*Records for the exercise*:
*****

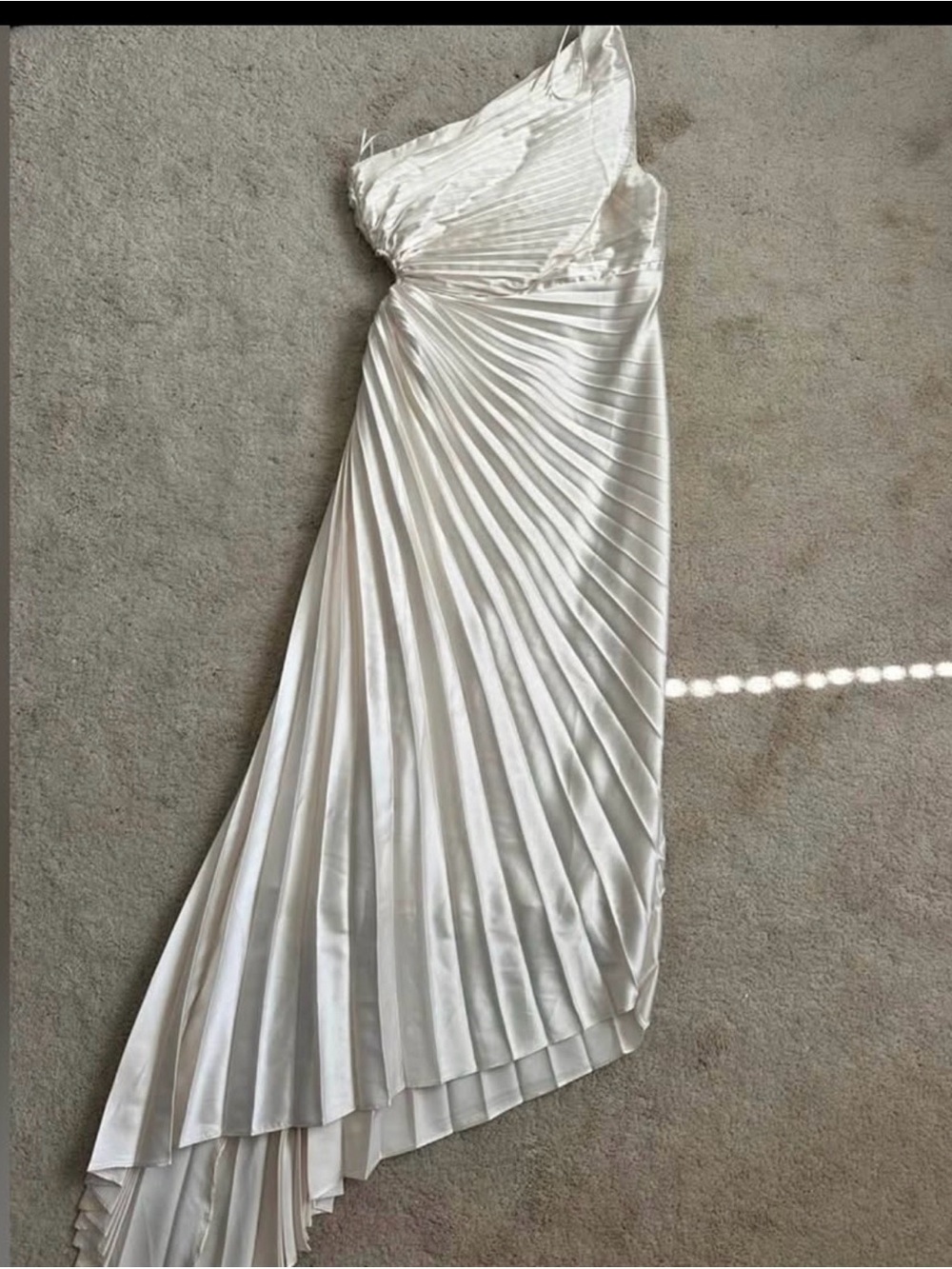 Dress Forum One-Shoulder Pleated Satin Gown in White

*****

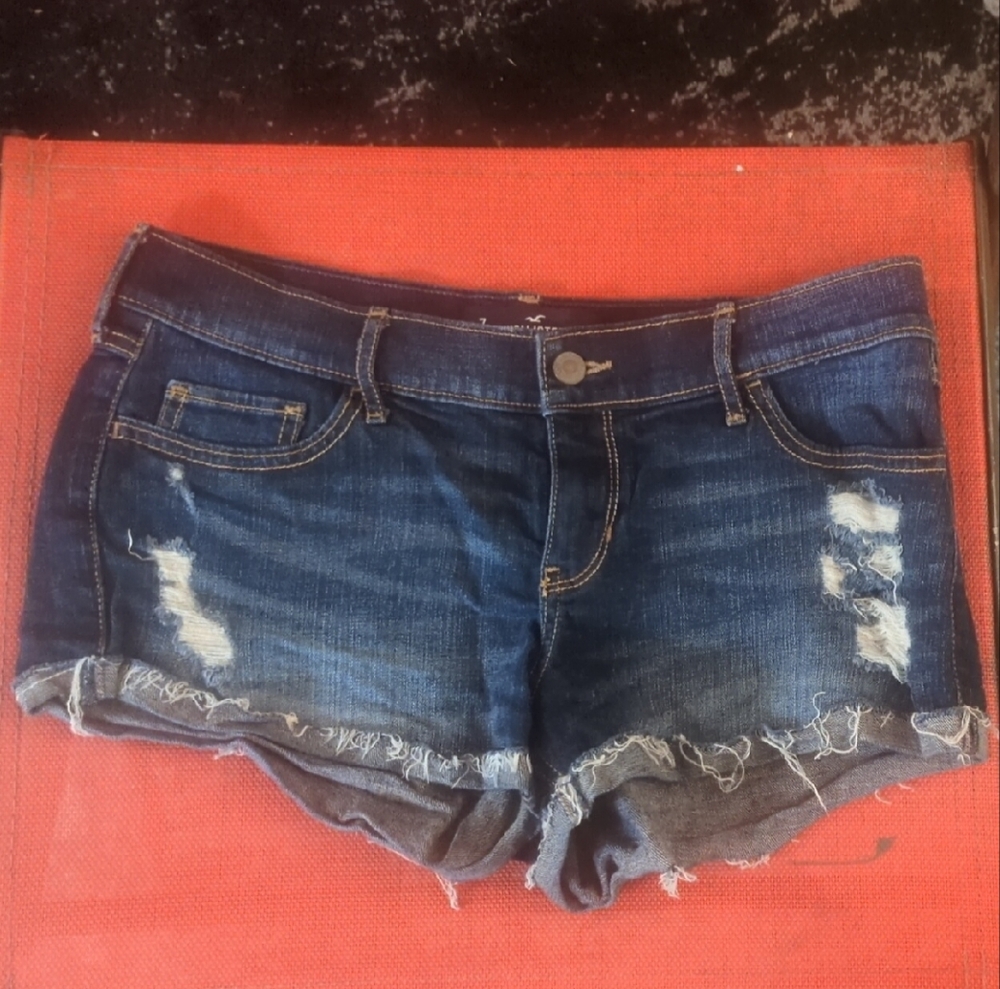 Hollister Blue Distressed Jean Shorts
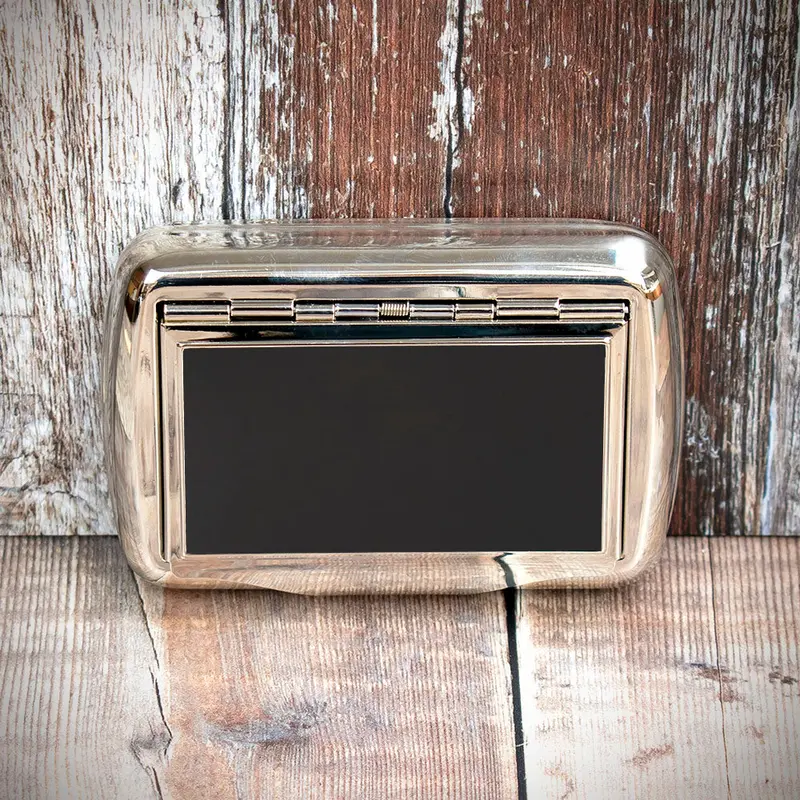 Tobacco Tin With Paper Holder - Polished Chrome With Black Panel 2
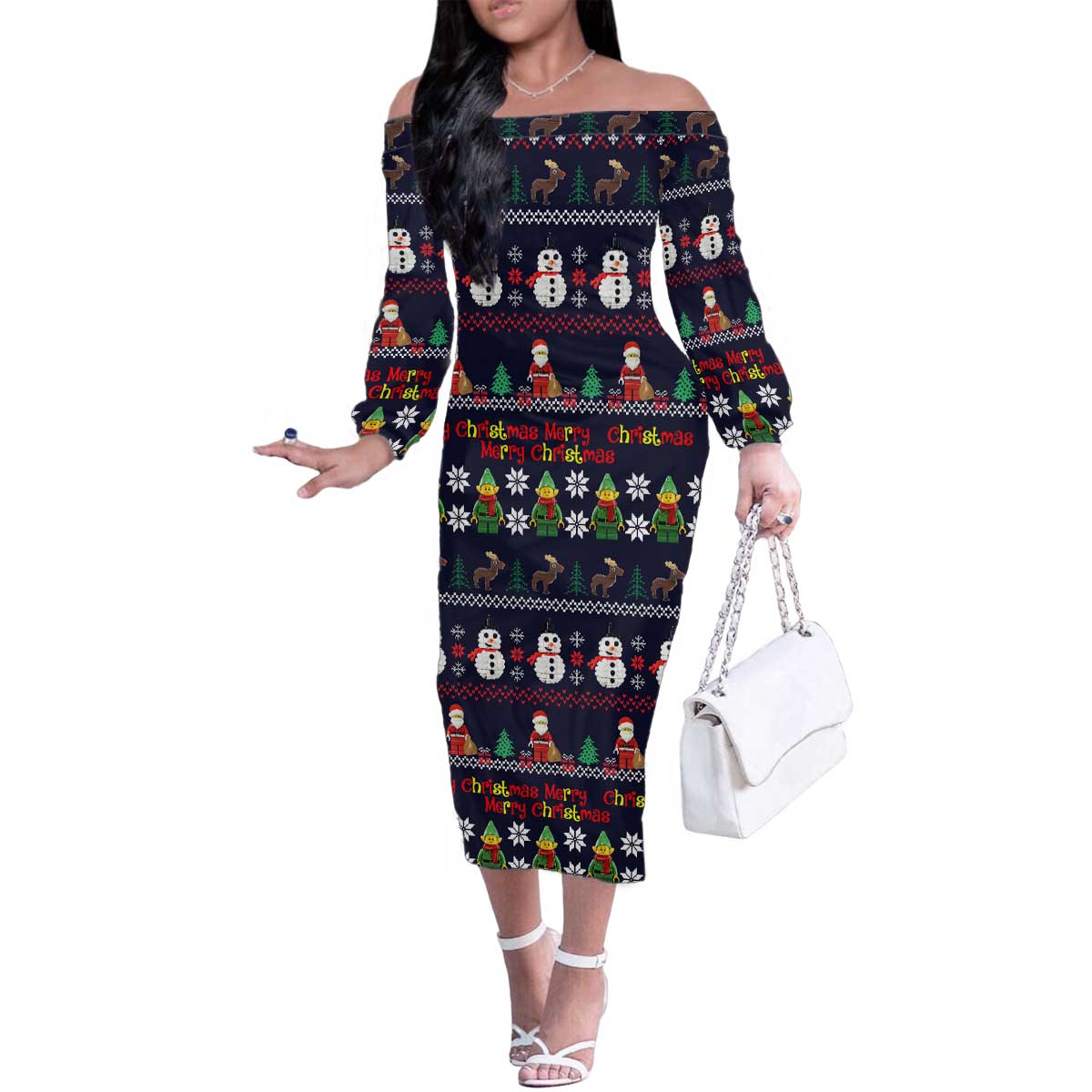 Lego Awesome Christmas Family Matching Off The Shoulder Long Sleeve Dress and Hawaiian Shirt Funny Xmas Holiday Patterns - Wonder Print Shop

*****

*Your objective*:
In the data above, take the line with "Tobacco Tin With", the line with "Lego Awesome Christmas", and every line between, and set them down exactly without pictures.

*Answer to the problem*:
 Tobacco Tin With Paper Holder - Polished Chrome With Black Panel 2
 Lego Awesome Christmas Family Matching Off The Shoulder Long Sleeve Dress and Hawaiian Shirt Funny Xmas Holiday Patterns - Wonder Print Shop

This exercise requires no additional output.